## Work required
Nothing outside the range is to be copied. From the entries below, reproduce exactly the lines starting at the one with "1. Find the general solution for X' = AX" and ending at the one with "森伊蔵 金ラベル かめ壺焼酎 720ml【D1】 - お酒の格安本舗 クーポン", without pictures.

## Record extracts
○ ○ ○ ○
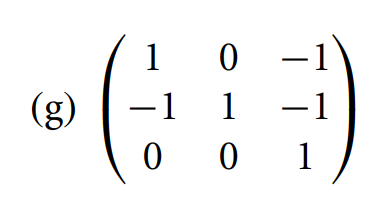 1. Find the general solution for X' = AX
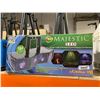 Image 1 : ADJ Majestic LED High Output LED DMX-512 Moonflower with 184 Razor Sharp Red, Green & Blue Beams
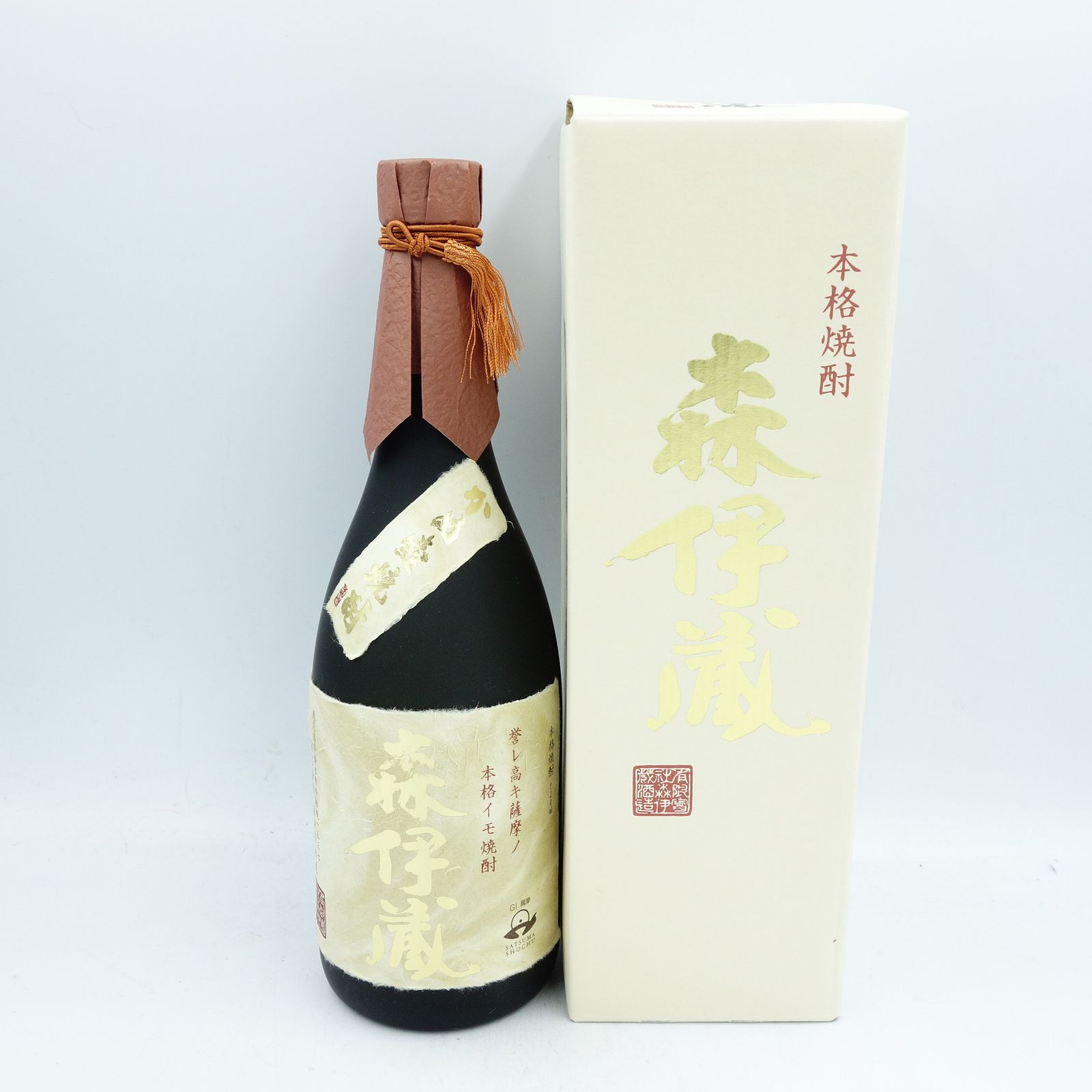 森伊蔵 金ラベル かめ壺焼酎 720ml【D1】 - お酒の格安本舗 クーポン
○ ○ ○ ○
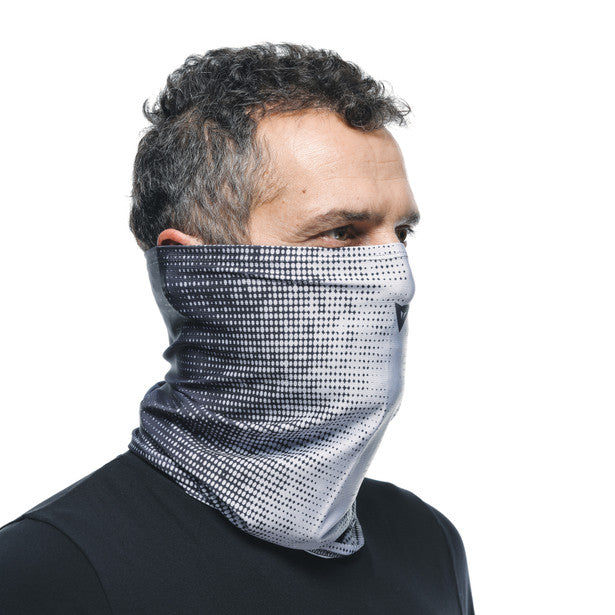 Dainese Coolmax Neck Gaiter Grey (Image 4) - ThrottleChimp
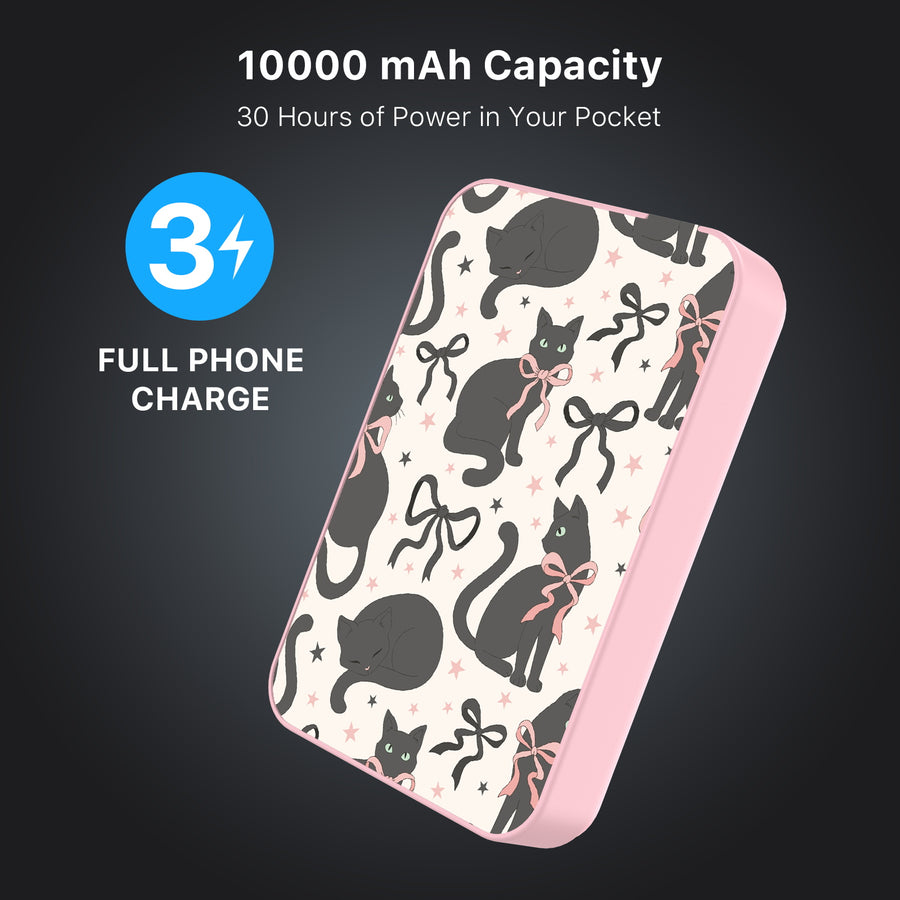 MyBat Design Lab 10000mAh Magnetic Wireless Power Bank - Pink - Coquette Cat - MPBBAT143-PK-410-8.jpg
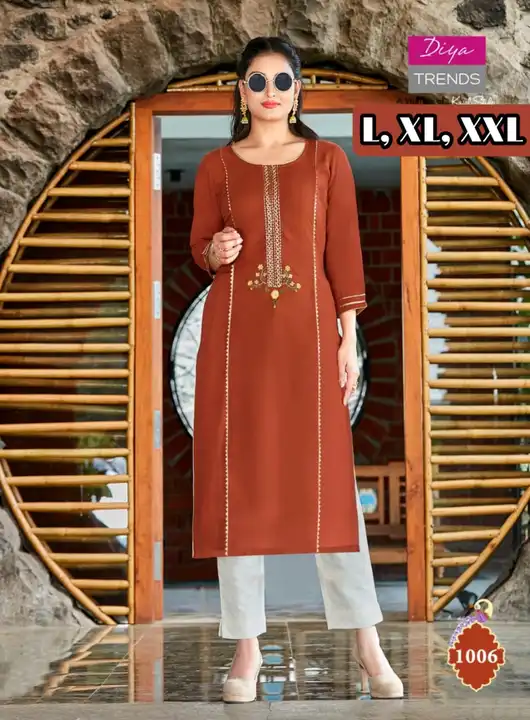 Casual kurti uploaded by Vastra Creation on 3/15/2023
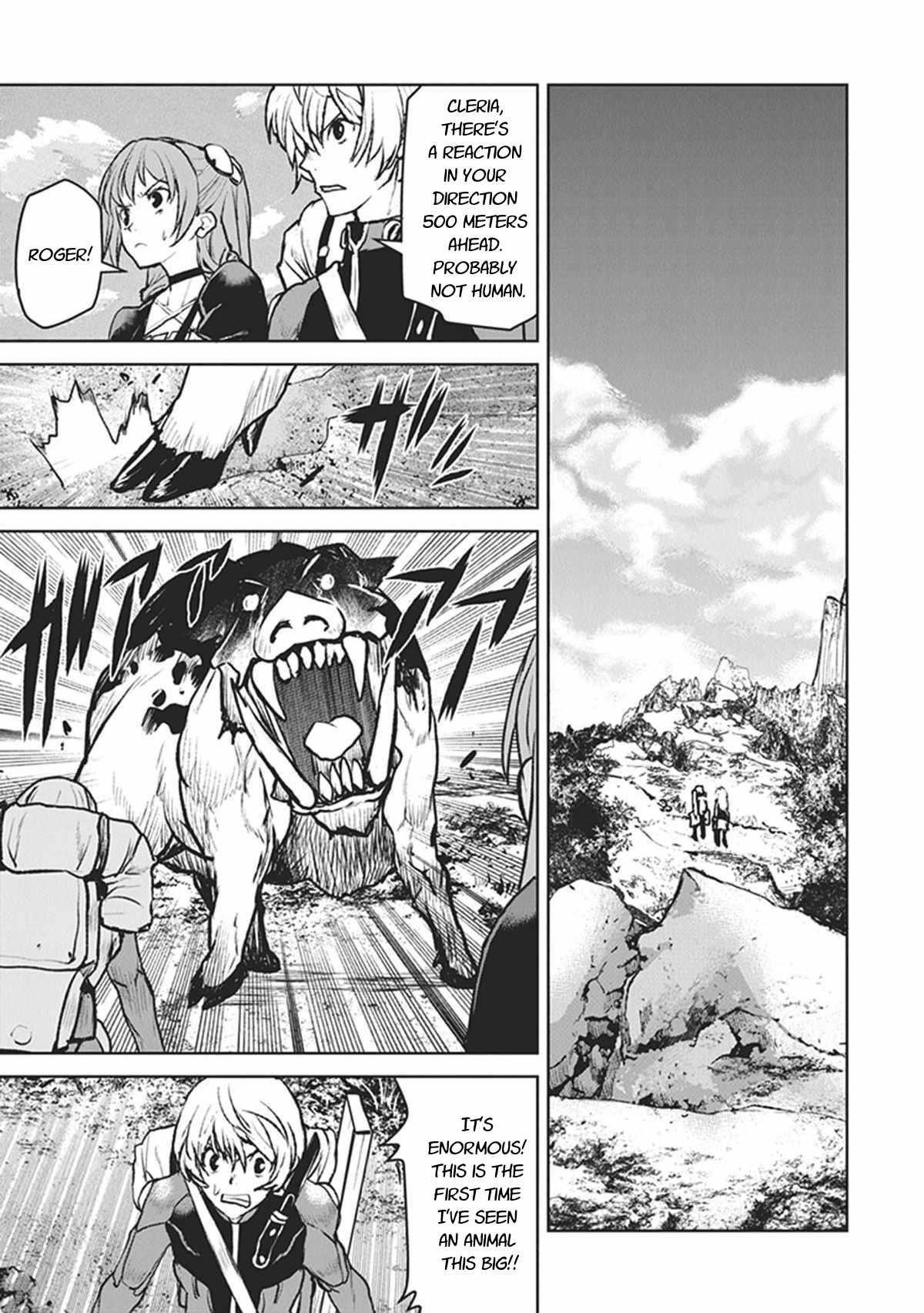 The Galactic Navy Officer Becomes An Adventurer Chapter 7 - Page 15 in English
○ ○ ○ ○
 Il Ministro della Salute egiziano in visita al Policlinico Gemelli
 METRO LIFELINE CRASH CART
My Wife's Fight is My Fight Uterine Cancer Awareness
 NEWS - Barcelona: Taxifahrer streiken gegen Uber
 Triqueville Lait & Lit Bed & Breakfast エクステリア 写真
○ ○ ○ ○
## Your response
 1. Find the general solution for X' = AX
 Image 1 : ADJ Majestic LED High Output LED DMX-512 Moonflower with 184 Razor Sharp Red, Green & Blue Beams
 森伊蔵 金ラベル かめ壺焼酎 720ml【D1】 - お酒の格安本舗 クーポン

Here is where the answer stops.